Map of life expectancy at birth from Global Education Project.

## Friday, April 01, 2011

### Here's some boring wonkery . . .

. . . to give you some relief from all the April foolishness.

Xin Sun and a cast of thousands reviewed 469 clinical trials reported in both high impact and lower impact journals. Okay, here's the wonkish part. It's actually kind of important and profound, in ways that go well beyond the current context. So I'm using this as an occasion to talk about a big issue.

It is conventional in clinical science to consider results to be valid when they have an associated "p value" of .05 or less, the jargon for which is "statistical significance." The term is misleading, in both directions. Findings with p values <.05 aren't necessarily "significant" in the sense that they actually matter; and "statistical insignificance" doesn't mean that an association doesn't exist, or is trivial, it just means you haven't established it to the satisfaction of an arbitrary convention. Most people misunderstand what a p value really means. It's usually interpreted as the probability that your result is not real, but arose just by chance. If the p value is less than .05, then you would say that there's a 95% chance your result is real. But that isn't what a p value means. It is the fallacy of the transposed conditional. The p value is actually the probability of getting your results given the hypothesis, in this case the null hypothesis that there is no real association. But, obviously if you make a lot of comparisons you'll see a lot of low p values that are spurious. The true probability that the drug is effective depends not only on the results of your study, but on the probability that the drug is effective based on what you knew before you did the study. If it is extremely unlikely -- say because there is no biological plausibility -- then a p value <.05 doesn't make it likely after all. It's probably just a coincidence. That's why, in order for p values to make sense, they have to be used to test plausible hypotheses that are specified before you undertake your trial. You always have a lot of information about clinical trial subjects, so even if the results of the trial are negative overall, you can comb through your data and look for "significant" results for some group that you didn't define ahead of time - say, women, or people of a certain age range, or people with a particular severity of disease, whatever you like. Chances are, you'll find some. And guess what -- people publish results of that kind. But they're basically BS. They might constitute hypotheses worth testing, but they aren't findings.

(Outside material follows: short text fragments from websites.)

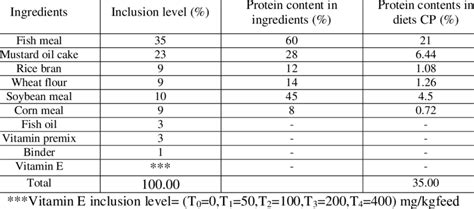 Composition of experimental feed (Pearson square method) | Download Scientific Diagram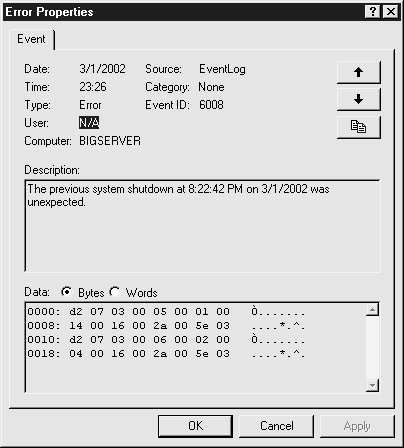 Сообщение системного журнала Windows 2000, информирующее о неожиданном отключении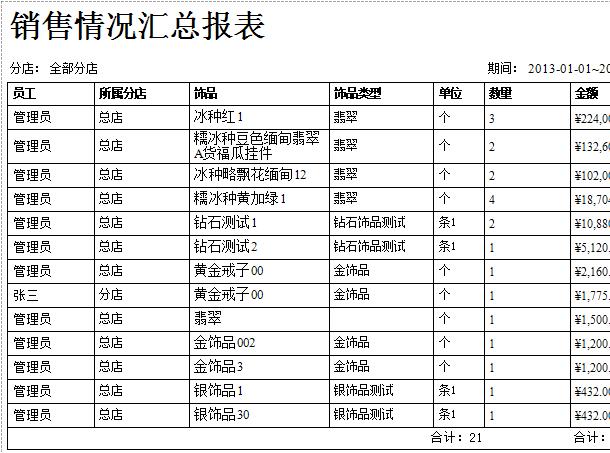 珠宝导购月收入（珠宝店的导购一个月工资怎么样）-图3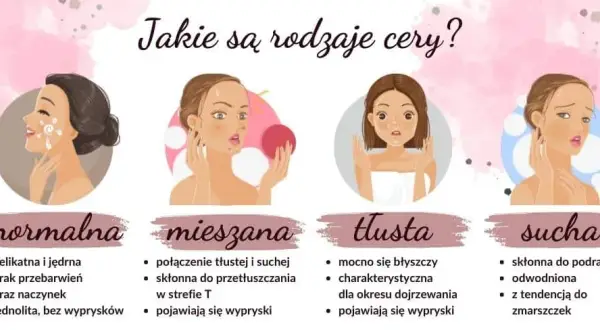 Jaki masz typ cery? Rozpoznaj i pielęgnuj świadomie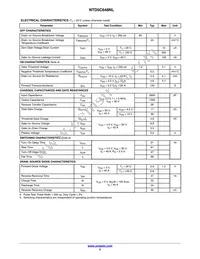 NTD5C648NLT4G Datasheet Page 2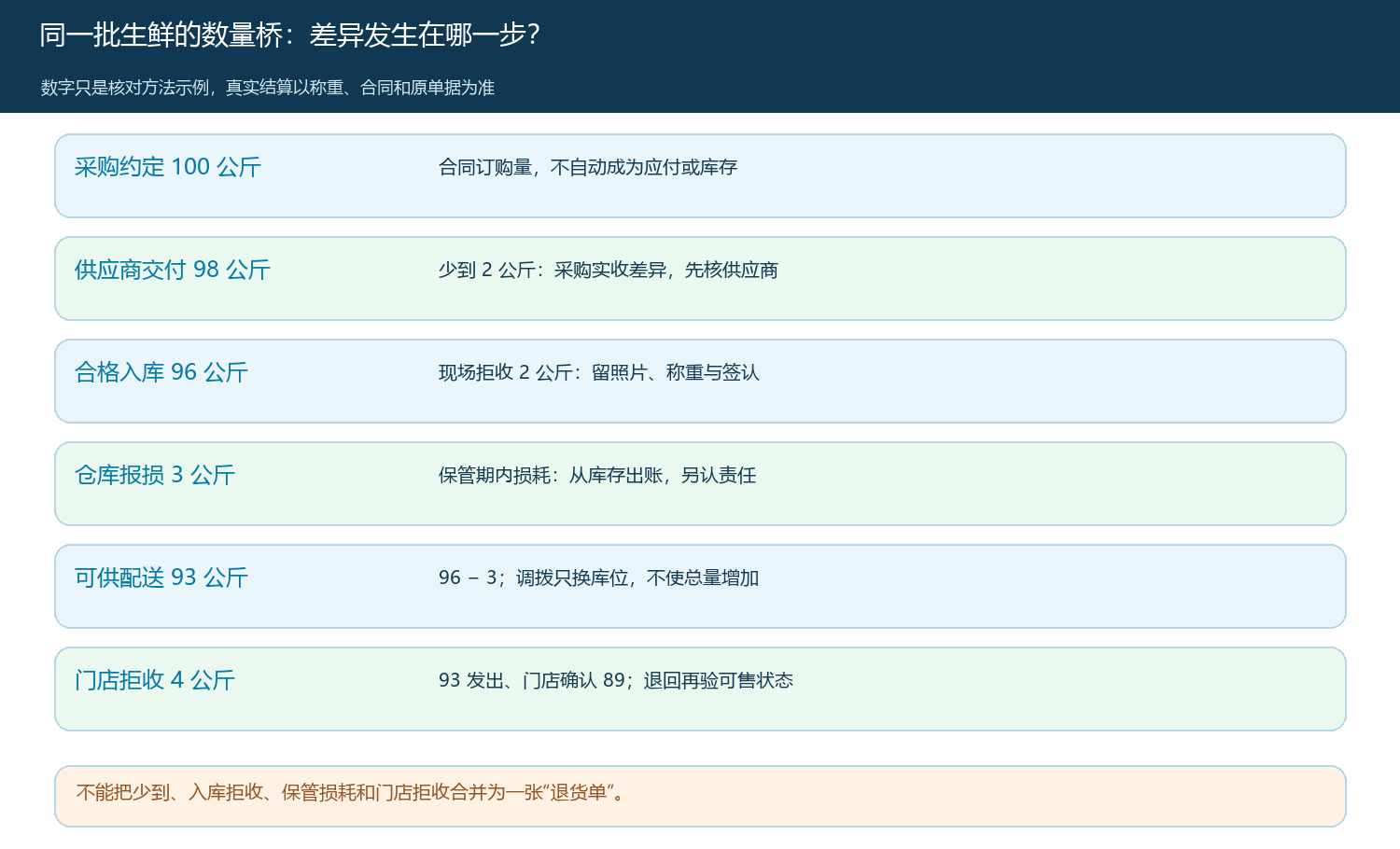 同一批生鲜从采购约定到门店拒收的数量桥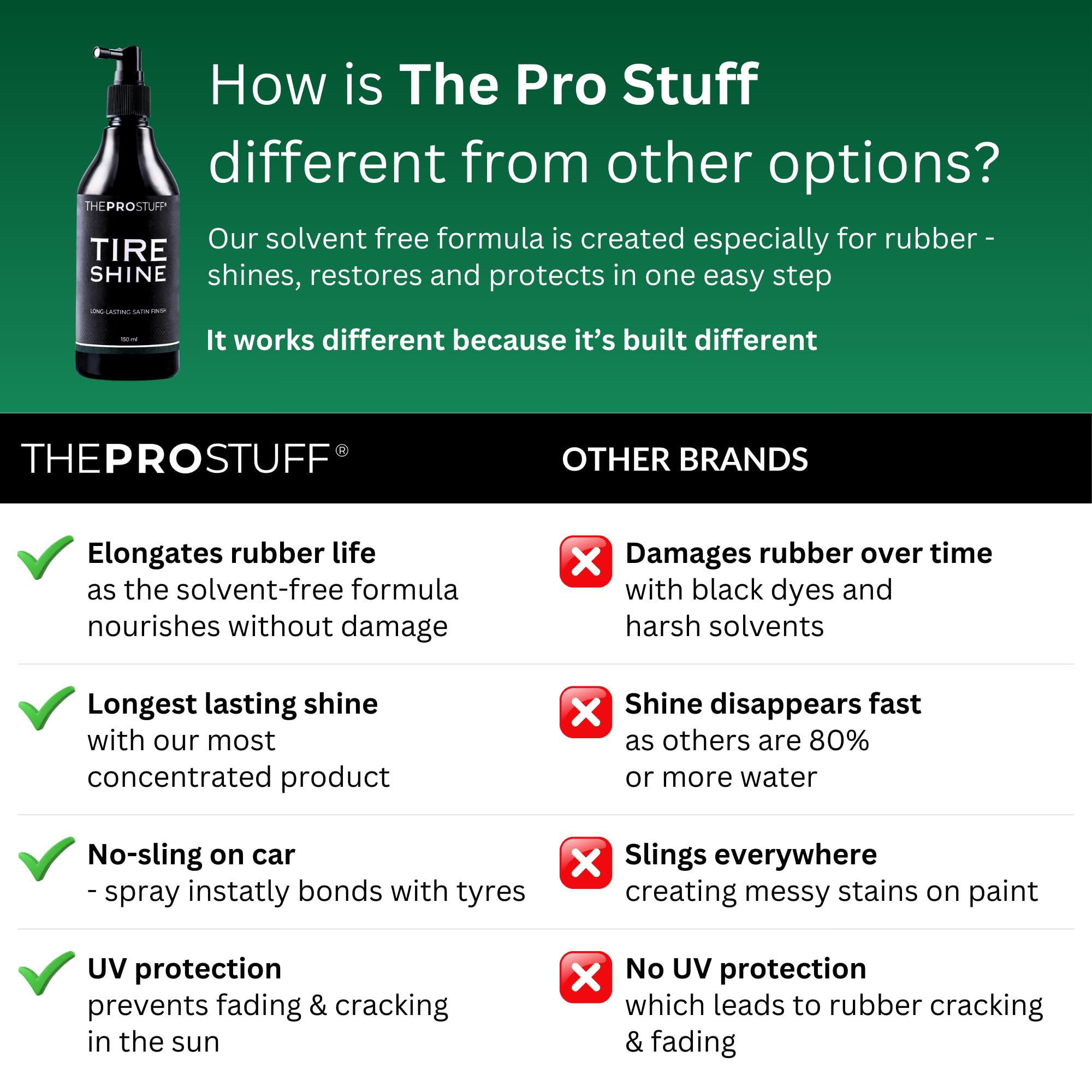 The Pro Stuff tire dressing dries quickly with a non-greasy result.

What Sun and the gang found is that when trials are funded by drug manufacturers, that did not have significant results for the pre-specified primary outcomes, they are much more likely to report sub-group analyses than trials that aren't funded by the manufacturer. What this means is that they are trying to find a way to sell their product, even though it apparently doesn't work, by inventing some specific category of person for whom they claim it does work, when in fact they don't have credible evidence for that conclusion.

Whoo. Sorry about that. Anyway, we need to do things differently. Industry funding of clinical trials must be totally isolated from the conduct and reporting of the trials, not just because of this finding but because of a vast record of deception, spin and scandals going back decades. There are probably several plausible ways to organize medical research to bring this about. We could establish a government sponsored institute to which the drug companies would transfer the funds for clinical trials. The institute would then accept competitive proposals from researchers, and award the funds to the most credible investigators, who would carry out the trial with no contact whatsoever from the interested parties.

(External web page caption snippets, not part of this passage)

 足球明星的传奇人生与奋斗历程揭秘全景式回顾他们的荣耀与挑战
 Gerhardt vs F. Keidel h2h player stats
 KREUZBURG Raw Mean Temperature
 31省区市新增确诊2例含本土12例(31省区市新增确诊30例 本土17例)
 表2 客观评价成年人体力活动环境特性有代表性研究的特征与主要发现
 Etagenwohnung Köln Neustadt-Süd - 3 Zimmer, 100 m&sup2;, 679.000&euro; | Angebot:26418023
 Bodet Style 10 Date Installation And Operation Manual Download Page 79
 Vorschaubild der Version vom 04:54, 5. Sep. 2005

Doesn't look exactly like the Free Market™ of conservative corporatist fantasy. But it would be a better world.

davidknz said...

Some while ago, I wrote a program for Factor Analysis that was of considerable interest to the "social scientists" who collected vast troves of data, confident that contained immutable truth if only they knew how to ask the right questions of it. Part of the process is to reduce the data to a correlation matrix. On one occassion, just for fun, I substituted random numbers (<1.0) on the off diagonal elements of this matrix. The academic concerned was very excited about the results, as they confirmed his intuitions about the nature of the process he was studying. As he was intending to present the results to a conference in a week, I quickly reran the program with the original data. No change in the enthusiasm; no change in the paper presented. The only change was that I became very sceptical about the claims of so called "soft sciences"

roger said...

i am too jaded to even pretend to be shocked at the dishonesty of big business.

both my mother and mother-in-law have suffered discomfort and dangerous medical conditions from (foolishly? uninformed?) prescriptions. and we have had to intervene to get the "treatment' to stop.

Cervantes said...

Well now David, you don't give enough of the particulars for me to interpret your story. (I am quite familiar with principal components analysis, BTW.)

You lied to the man. Apparently, by coincidence, your random data ended up looking like something interpretable. It's not the professor's fault, you gave him particular results. You also don't say how the real data turned out different, or whether you explained your deception.

Why are you skeptical of the scientist when it is you who committed the fraud? I don't really get this.